**Exercise requirements**
Look through the entries below for the line with "The display module" and the line with "So I've entered", then give again exactly those two lines and all lines between them, minus the pictures.

**Provided information**
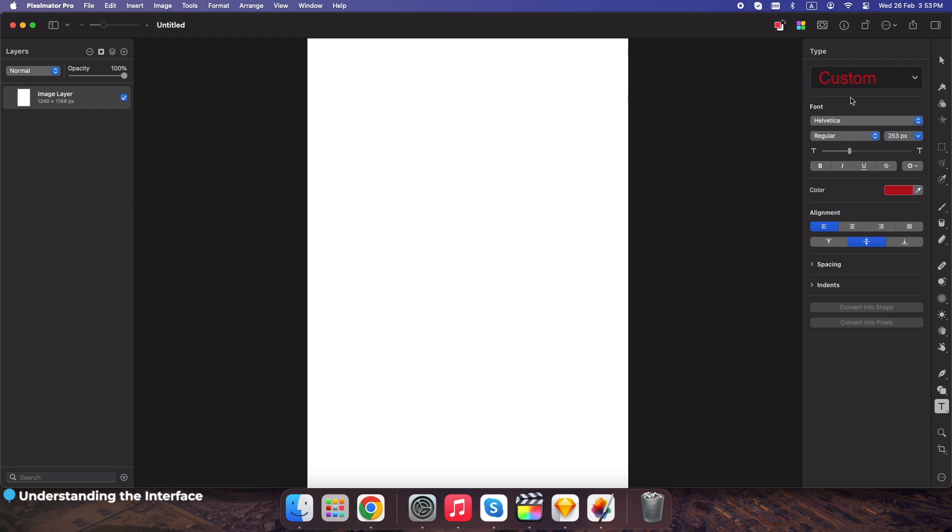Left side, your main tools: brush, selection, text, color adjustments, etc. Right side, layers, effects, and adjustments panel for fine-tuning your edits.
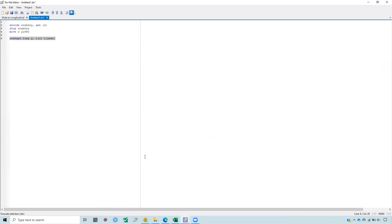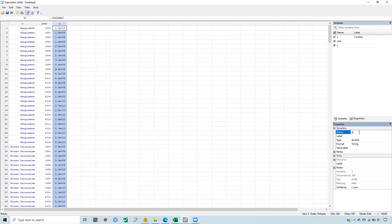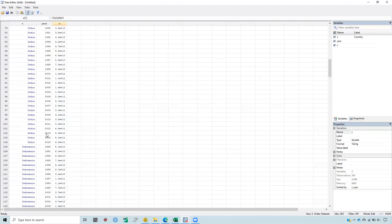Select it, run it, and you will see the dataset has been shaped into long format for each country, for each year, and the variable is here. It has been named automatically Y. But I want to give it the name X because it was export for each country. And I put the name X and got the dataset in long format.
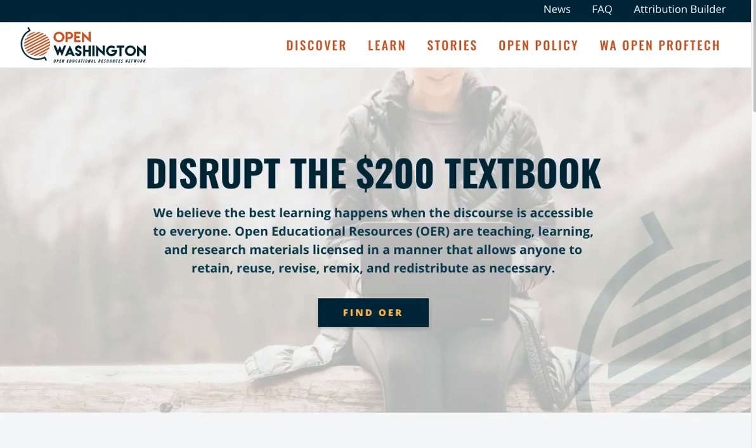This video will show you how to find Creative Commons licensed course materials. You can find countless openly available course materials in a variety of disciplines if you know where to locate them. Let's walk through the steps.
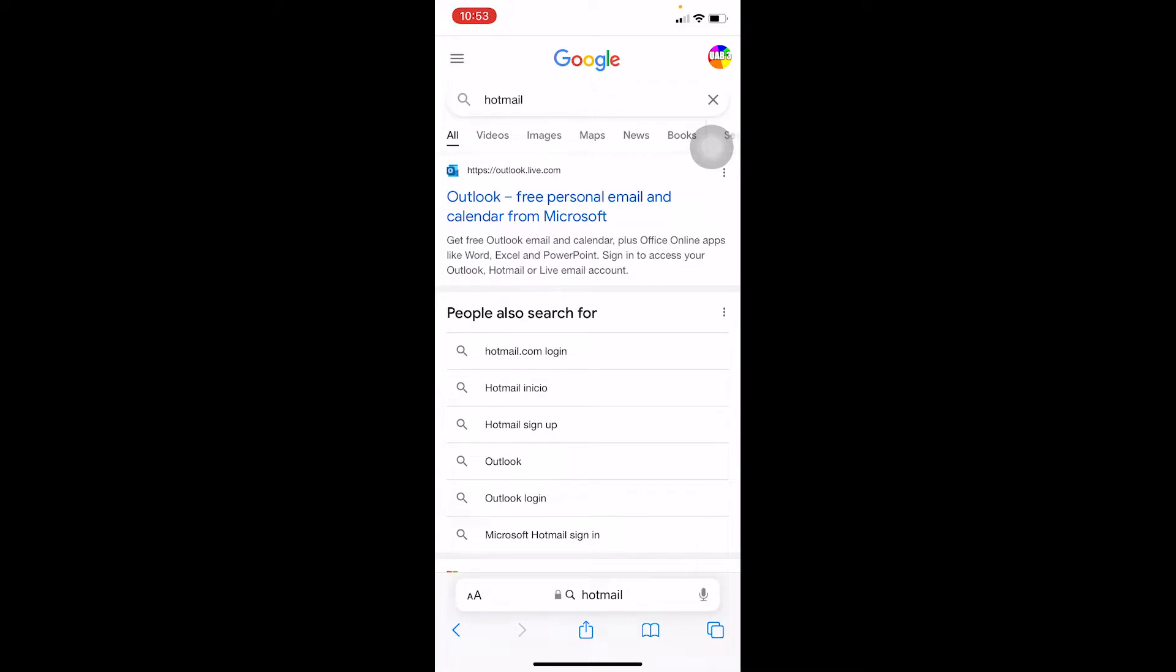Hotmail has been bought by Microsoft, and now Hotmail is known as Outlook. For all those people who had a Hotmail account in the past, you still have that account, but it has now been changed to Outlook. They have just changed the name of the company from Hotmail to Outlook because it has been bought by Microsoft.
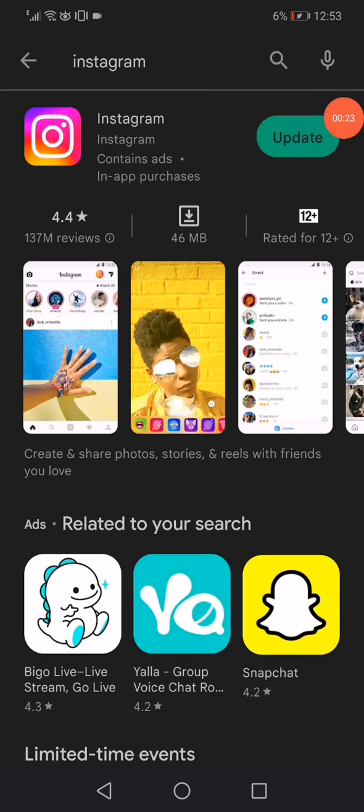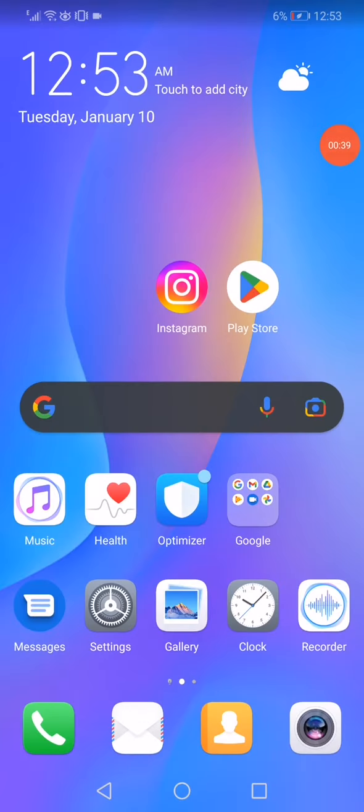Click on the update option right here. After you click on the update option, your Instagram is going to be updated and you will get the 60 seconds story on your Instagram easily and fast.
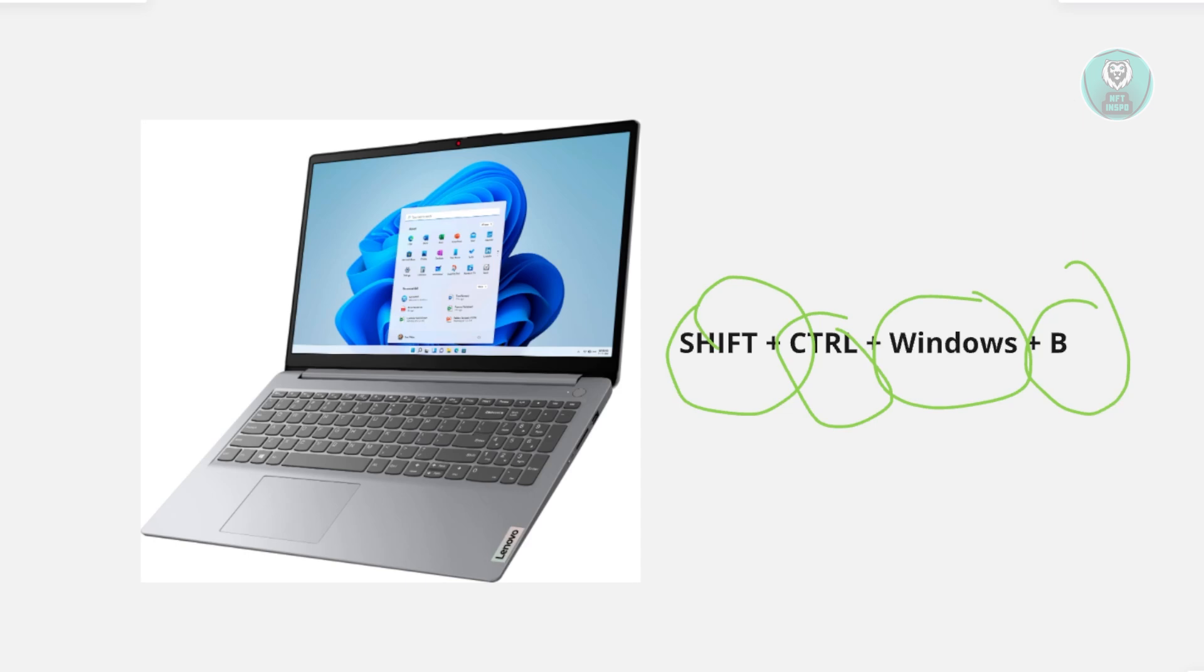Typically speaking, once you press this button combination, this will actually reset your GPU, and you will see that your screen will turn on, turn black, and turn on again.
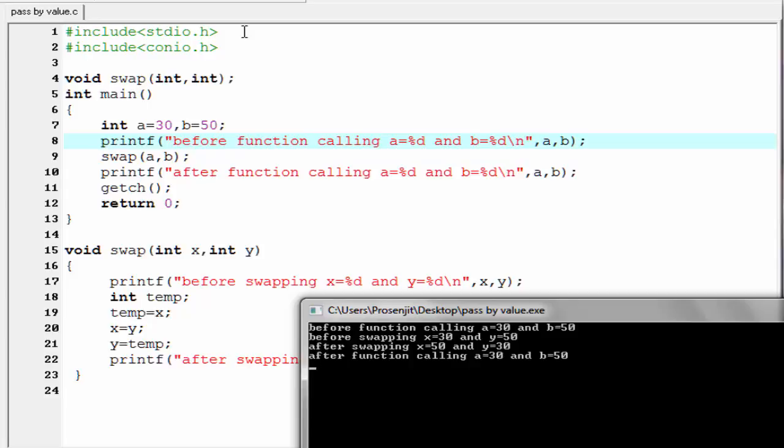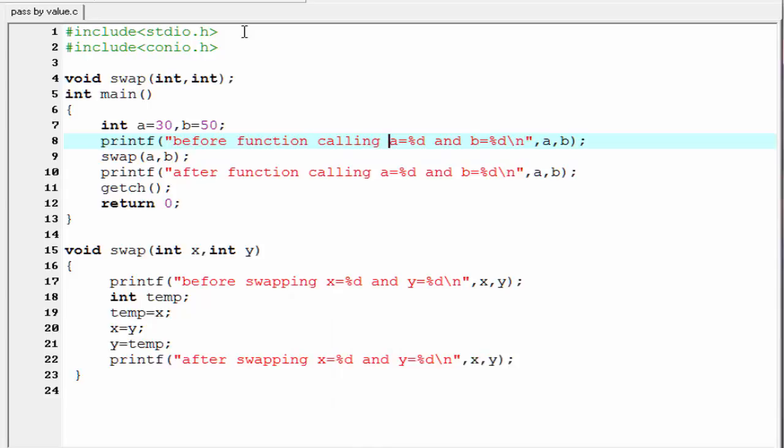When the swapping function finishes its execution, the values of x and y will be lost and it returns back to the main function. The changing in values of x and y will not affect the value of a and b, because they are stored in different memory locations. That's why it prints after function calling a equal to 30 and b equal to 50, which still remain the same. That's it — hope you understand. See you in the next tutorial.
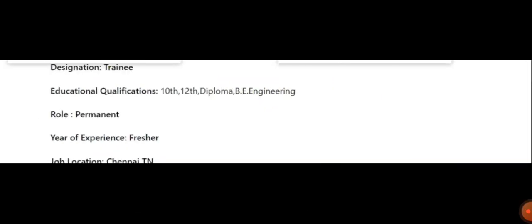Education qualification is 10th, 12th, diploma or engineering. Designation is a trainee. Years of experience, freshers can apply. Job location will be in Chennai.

==

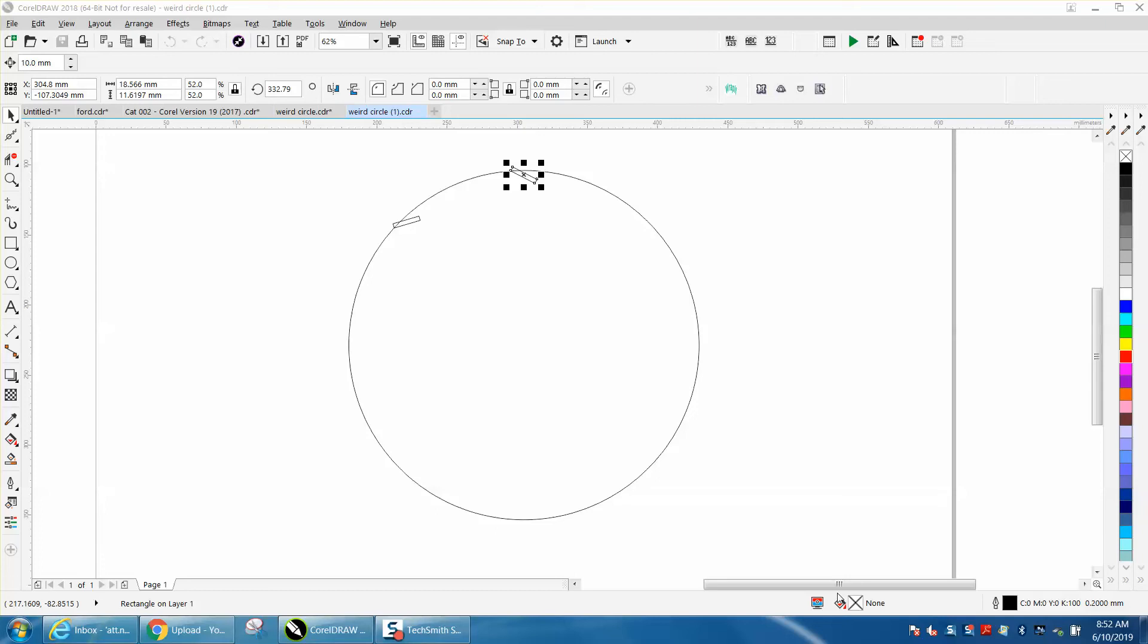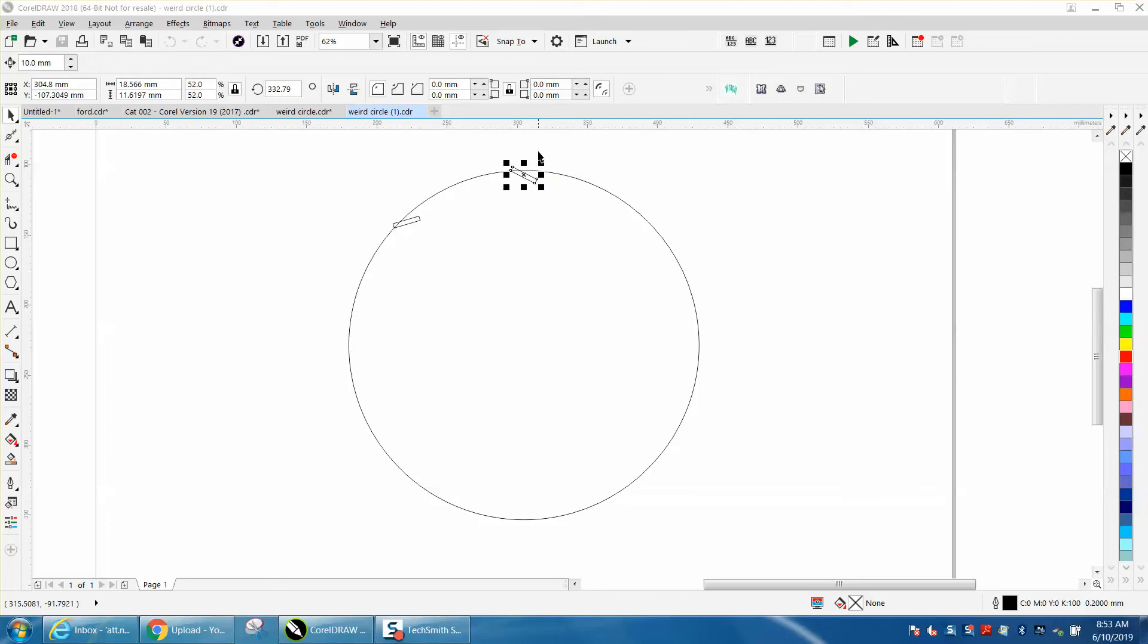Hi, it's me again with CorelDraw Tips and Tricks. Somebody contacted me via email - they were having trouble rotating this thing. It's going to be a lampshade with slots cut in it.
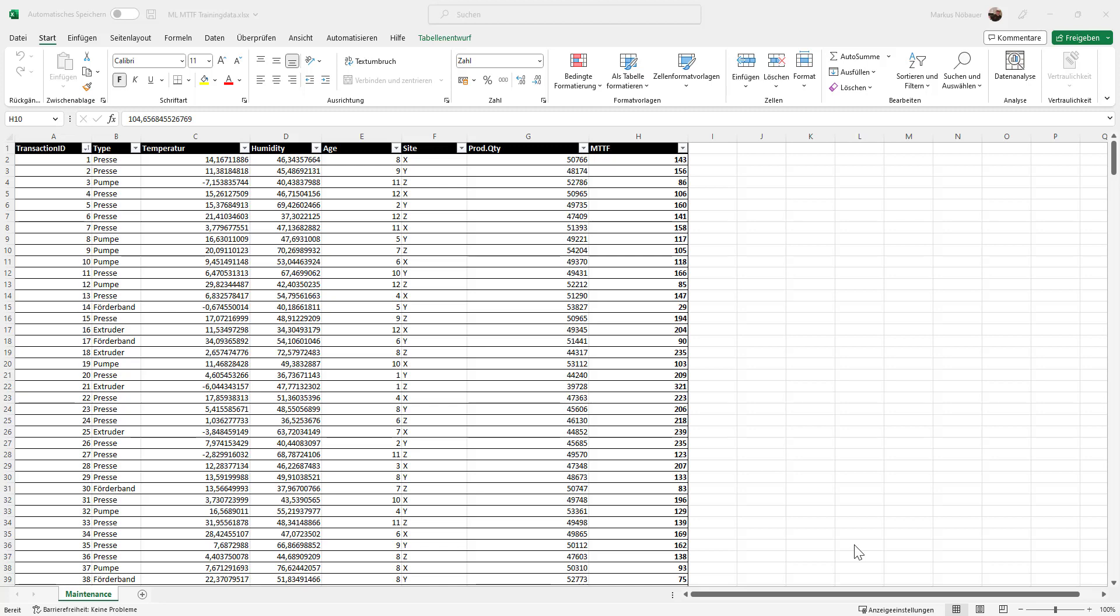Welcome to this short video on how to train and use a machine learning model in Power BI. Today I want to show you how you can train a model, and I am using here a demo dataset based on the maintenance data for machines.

...

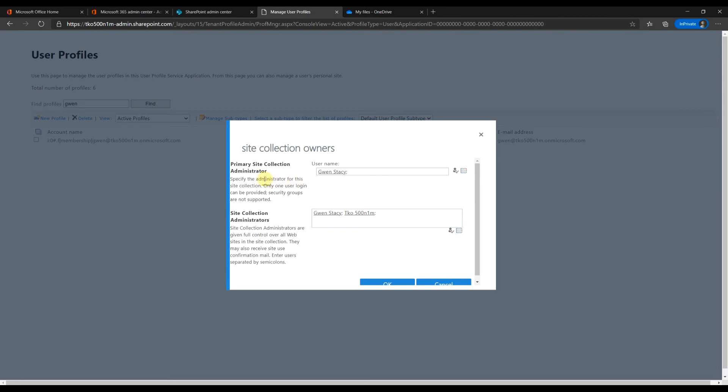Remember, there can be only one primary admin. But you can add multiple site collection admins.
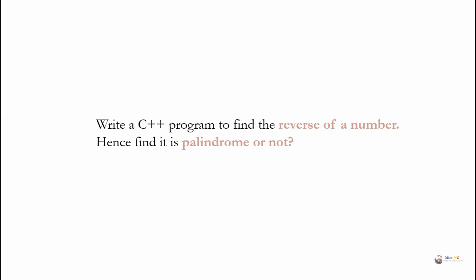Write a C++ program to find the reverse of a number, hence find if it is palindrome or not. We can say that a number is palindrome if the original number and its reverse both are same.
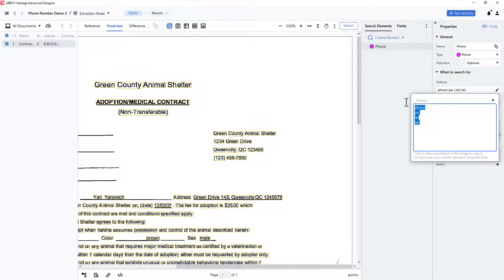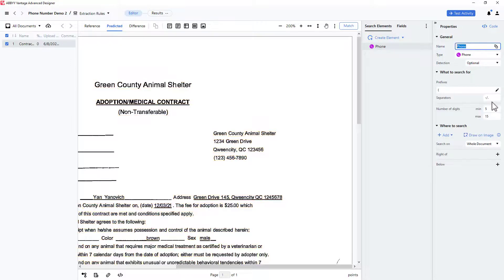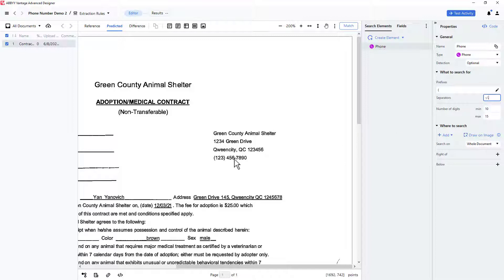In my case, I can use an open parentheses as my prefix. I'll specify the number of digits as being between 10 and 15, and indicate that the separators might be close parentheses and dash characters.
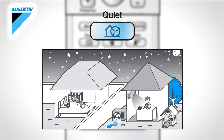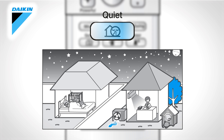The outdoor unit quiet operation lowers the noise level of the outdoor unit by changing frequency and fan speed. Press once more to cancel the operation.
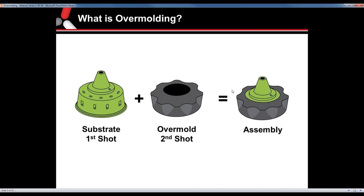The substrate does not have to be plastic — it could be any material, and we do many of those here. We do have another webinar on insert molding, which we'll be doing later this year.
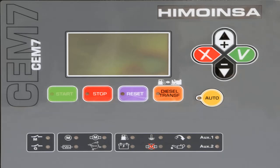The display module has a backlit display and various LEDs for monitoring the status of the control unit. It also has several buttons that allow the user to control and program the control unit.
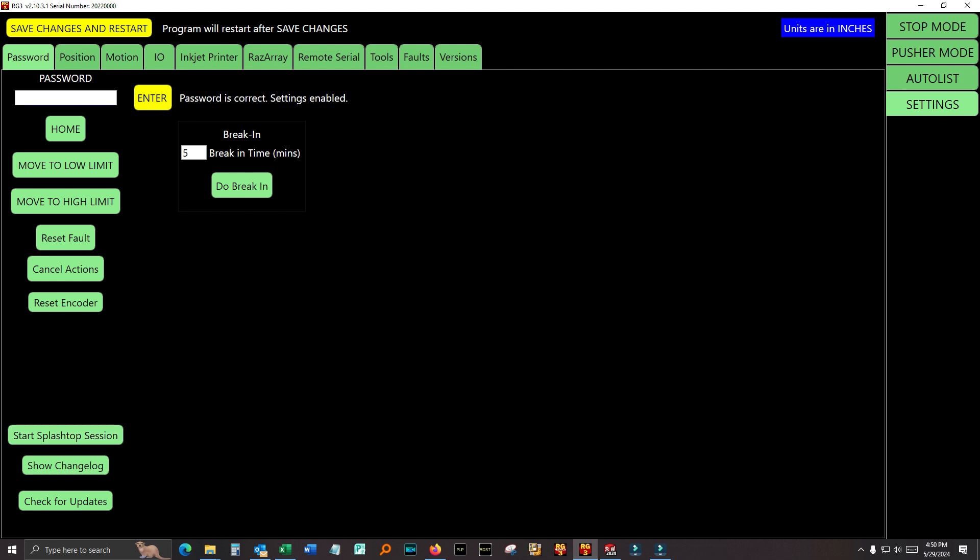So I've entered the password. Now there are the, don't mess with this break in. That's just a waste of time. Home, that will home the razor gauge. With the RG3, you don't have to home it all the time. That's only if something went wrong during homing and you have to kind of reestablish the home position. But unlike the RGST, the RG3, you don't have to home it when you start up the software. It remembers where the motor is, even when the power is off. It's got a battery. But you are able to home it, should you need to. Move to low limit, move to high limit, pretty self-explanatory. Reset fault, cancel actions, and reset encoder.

**Result of this task**
The display module has a backlit display and various LEDs for monitoring the status of the control unit. It also has several buttons that allow the user to control and program the control unit.
So I've entered the password. Now there are the, don't mess with this break in. That's just a waste of time. Home, that will home the razor gauge. With the RG3, you don't have to home it all the time. That's only if something went wrong during homing and you have to kind of reestablish the home position. But unlike the RGST, the RG3, you don't have to home it when you start up the software. It remembers where the motor is, even when the power is off. It's got a battery. But you are able to home it, should you need to. Move to low limit, move to high limit, pretty self-explanatory. Reset fault, cancel actions, and reset encoder.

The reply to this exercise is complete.